*** Information provided
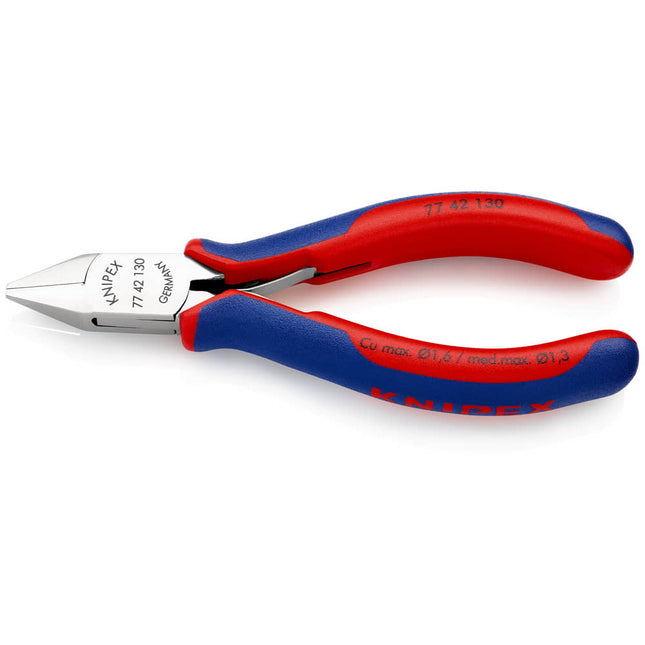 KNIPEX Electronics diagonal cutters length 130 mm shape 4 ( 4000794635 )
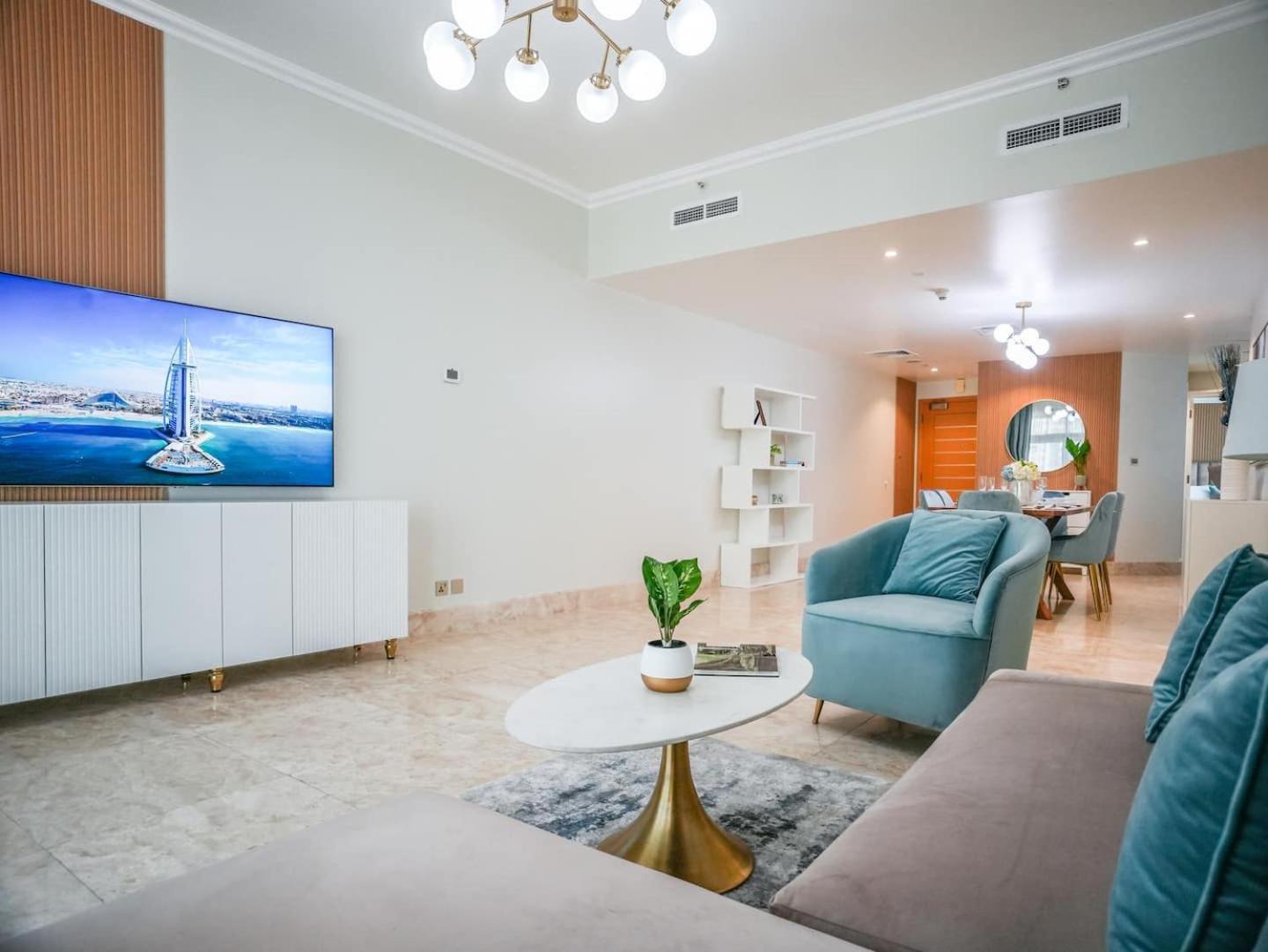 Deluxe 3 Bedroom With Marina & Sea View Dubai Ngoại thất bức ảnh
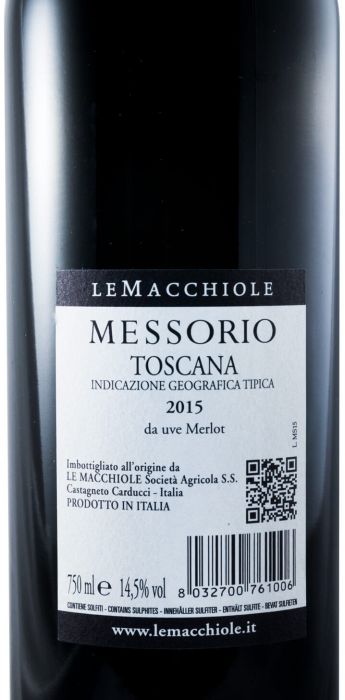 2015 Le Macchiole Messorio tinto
******
## Action item
Reproduce, word for word, every line from the one that contains "Deluxe 3 Bedroom" to the end of the data, including both ends; omit all pictures.

## Response to this task
 Deluxe 3 Bedroom With Marina & Sea View Dubai Ngoại thất bức ảnh
 2015 Le Macchiole Messorio tinto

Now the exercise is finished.